Timothy Burke, a reporter for the website Deadspin.com, says on August 19 a hacker offered nude photos of Jennifer Lawrence for $5,000.
Burke told INSIDE EDITION, "The rumors have existed for a long time about the existence of this shadowy kabal of people who are extremely wealthy and able to get their hands on pretty much anything they want. In this case that would be exclusive nude photos of celebrities."
The scandal is an echo of the recent Cameron Diaz, Jason Segel movie Sex Tape in which a couple's sex tape is accidentally uploaded to the cloud.
Could it happen to you?
Computer security expert John Lucich says most people don't know that photos and other data on their iPhones are automatically stored in the cloud and could be vulnerable.
Lucich told INSIDE EDITION, "You think you're deleting files or pictures off your computer or cell phone, but they're not being deleted from the cloud."
But he showed INSIDE EDITION a simple way to fix that and stop photos from being automatically stored in the cloud.
"You go to Settings, you go to iCloud. Then, you scroll down to where it says Photos, and it says 'Automatically upload new photos and send them to all iCloud devices.' You just turn that off," explained Lucich.
Meanwhile, the uproar in Hollywood over the hacking scandal continues today.
Pop singer Ariana Grande is claiming that graphic photos of her are fake.
But a spokesman for Jennifer Lawrence confirmed the naked photos are of the Oscar winner, saying: "This is a flagrant violation of privacy. The authorities will prosecute anyone who posts stolen photos of Jennifer Lawrence."
Kirsten Dunst, another of the celebrity targets, sarcastically tweeted: "Thank you iCloud."
And as TV's The Talk is ready to kick off its new season, co-hosts Julie Chen and Aisha Tyler say the scandal is something that everyone's talking about.
Chen told INSIDE EDITION, "Nothing is private today. Not that these actresses deserve to have their private photos seen by eyeballs not intended when they took the photos. But, it's a lesson to every young person out there."

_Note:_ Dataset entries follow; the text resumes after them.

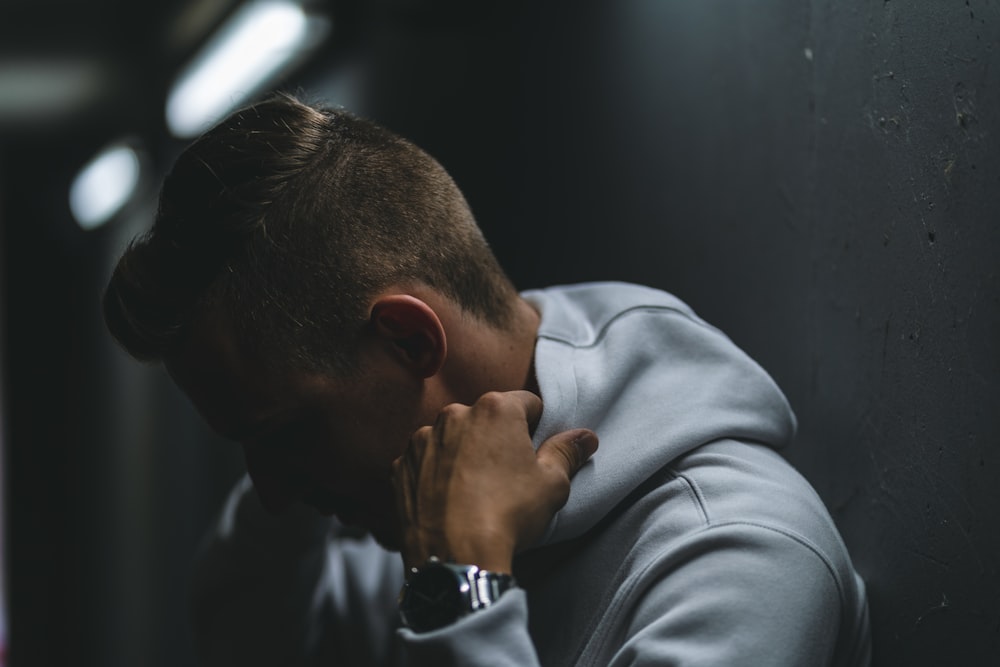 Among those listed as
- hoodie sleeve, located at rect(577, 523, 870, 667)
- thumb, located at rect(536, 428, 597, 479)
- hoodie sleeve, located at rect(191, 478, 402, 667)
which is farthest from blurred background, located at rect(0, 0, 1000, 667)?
hoodie sleeve, located at rect(191, 478, 402, 667)

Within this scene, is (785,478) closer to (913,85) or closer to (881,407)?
(881,407)

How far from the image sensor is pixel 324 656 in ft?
5.42

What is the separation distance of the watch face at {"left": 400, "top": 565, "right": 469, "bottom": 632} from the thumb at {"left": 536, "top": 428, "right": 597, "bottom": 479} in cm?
17

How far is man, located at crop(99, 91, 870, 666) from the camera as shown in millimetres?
899

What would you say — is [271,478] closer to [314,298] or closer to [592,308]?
[314,298]

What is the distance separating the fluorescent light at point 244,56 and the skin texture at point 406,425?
1.66 meters

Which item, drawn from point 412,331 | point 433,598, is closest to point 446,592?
point 433,598

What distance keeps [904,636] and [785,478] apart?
198mm

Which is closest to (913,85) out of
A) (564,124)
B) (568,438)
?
(568,438)

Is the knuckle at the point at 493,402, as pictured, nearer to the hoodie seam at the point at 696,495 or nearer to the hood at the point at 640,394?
the hood at the point at 640,394

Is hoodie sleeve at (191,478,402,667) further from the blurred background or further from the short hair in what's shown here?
the blurred background

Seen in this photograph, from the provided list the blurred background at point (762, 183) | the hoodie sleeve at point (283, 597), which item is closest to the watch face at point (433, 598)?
the blurred background at point (762, 183)

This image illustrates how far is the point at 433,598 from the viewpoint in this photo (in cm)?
88

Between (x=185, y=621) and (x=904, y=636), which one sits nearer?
(x=904, y=636) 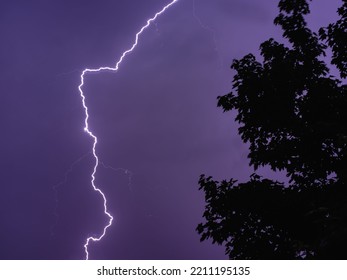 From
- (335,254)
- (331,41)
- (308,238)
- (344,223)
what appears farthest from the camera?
(331,41)

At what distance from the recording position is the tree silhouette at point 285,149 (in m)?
4.27

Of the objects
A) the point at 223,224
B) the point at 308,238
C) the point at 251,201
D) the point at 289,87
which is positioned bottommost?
the point at 308,238

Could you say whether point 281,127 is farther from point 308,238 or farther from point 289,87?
point 308,238

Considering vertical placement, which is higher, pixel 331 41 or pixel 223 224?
pixel 331 41

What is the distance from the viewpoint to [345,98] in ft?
14.2

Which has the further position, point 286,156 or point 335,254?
point 286,156

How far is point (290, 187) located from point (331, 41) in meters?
2.98

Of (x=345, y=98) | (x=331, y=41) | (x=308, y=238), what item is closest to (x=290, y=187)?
(x=308, y=238)

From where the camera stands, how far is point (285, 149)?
186 inches

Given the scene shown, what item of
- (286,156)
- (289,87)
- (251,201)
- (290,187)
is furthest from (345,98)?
(251,201)

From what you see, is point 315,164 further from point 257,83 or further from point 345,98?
point 257,83

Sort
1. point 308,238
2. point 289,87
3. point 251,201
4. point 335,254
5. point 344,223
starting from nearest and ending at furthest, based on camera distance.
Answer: point 344,223 < point 335,254 < point 308,238 < point 251,201 < point 289,87

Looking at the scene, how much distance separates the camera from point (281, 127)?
4801mm

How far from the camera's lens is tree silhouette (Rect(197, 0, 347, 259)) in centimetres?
427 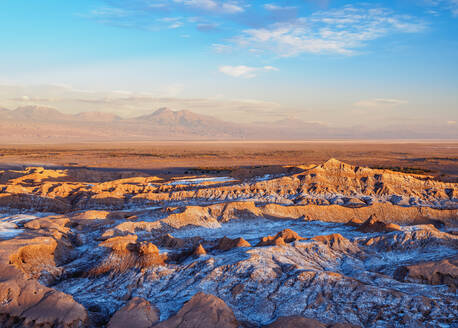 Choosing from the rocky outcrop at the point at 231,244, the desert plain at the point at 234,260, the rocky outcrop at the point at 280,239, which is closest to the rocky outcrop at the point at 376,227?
the desert plain at the point at 234,260

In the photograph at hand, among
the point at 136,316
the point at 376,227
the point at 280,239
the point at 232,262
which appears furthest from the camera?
the point at 376,227

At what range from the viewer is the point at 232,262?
14.7 m

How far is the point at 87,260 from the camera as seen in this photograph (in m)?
17.1

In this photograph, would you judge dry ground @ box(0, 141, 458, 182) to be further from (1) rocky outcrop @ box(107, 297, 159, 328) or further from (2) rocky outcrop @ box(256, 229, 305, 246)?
(1) rocky outcrop @ box(107, 297, 159, 328)

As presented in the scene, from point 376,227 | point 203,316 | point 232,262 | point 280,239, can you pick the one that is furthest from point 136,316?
point 376,227

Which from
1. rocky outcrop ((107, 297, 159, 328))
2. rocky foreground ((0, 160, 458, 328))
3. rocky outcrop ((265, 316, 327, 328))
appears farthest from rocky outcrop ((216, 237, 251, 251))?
rocky outcrop ((265, 316, 327, 328))

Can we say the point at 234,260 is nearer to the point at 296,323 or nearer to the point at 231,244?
the point at 231,244

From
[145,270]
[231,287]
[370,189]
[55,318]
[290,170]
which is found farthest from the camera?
[290,170]

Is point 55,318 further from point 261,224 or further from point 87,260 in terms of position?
point 261,224

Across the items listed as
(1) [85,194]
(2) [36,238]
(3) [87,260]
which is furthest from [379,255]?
(1) [85,194]

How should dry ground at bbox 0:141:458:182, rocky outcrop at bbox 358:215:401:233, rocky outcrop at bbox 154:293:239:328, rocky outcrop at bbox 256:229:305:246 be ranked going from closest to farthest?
1. rocky outcrop at bbox 154:293:239:328
2. rocky outcrop at bbox 256:229:305:246
3. rocky outcrop at bbox 358:215:401:233
4. dry ground at bbox 0:141:458:182

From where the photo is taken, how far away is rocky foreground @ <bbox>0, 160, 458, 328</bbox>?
37.9 feet

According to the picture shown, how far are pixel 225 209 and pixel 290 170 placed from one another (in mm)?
13121

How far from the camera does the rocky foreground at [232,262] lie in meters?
11.6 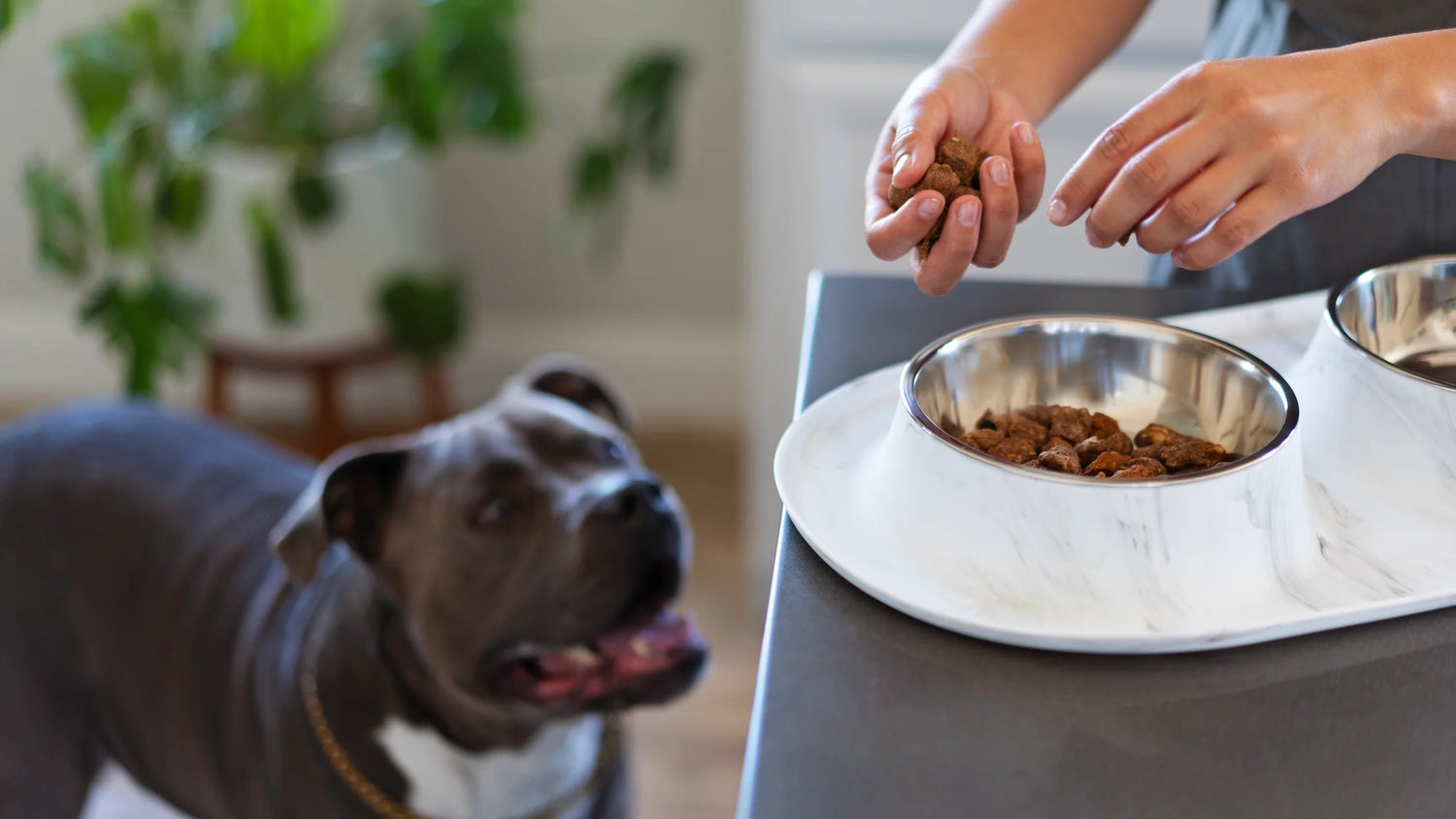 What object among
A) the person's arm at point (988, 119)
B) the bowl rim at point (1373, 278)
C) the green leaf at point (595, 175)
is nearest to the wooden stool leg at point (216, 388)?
the green leaf at point (595, 175)

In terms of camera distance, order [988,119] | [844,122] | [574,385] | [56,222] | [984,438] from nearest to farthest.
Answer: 1. [984,438]
2. [988,119]
3. [574,385]
4. [844,122]
5. [56,222]

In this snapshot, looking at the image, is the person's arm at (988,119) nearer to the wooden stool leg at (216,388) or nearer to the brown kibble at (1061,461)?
the brown kibble at (1061,461)

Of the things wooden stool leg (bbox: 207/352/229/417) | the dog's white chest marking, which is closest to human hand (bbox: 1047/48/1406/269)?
the dog's white chest marking

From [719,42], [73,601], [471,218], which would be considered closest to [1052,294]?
[73,601]

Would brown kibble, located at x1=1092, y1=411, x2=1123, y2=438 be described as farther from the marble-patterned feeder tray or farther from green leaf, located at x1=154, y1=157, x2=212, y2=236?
green leaf, located at x1=154, y1=157, x2=212, y2=236

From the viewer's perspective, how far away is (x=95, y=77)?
1852 millimetres

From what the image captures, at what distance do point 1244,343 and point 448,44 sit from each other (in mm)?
1481

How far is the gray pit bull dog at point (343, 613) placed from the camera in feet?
3.53

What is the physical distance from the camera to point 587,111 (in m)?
2.34

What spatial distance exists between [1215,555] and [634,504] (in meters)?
0.57

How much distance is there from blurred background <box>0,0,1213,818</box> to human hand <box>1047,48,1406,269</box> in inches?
33.0

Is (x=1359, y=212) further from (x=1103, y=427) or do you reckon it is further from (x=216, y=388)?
(x=216, y=388)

Tyler said, "Every time you send anything, take anything, email anything, think, 'How would I feel if this went onto the internet?' "
Girls star Lena Dunham is pleading with people not to look at nude photos of the 100 celebrity victims.
"Seriously, do not forget that the person who stole these pictures and leaked them is not a hacker. They're a sex offender," she said.
But, Ricky Gervais is coming under fire for his reaction to the scandal. He tweeted: "Celebrities, make it harder for hackers to get nude pictures of you from your computer by not putting nude pictures of yourself on your computer."
After he was accused of blaming the victims he backtracked, posting: "Of course the hackers are 100% to blame but you can still make jokes about it."
But to the 100 or more victims, it's no laughing matter.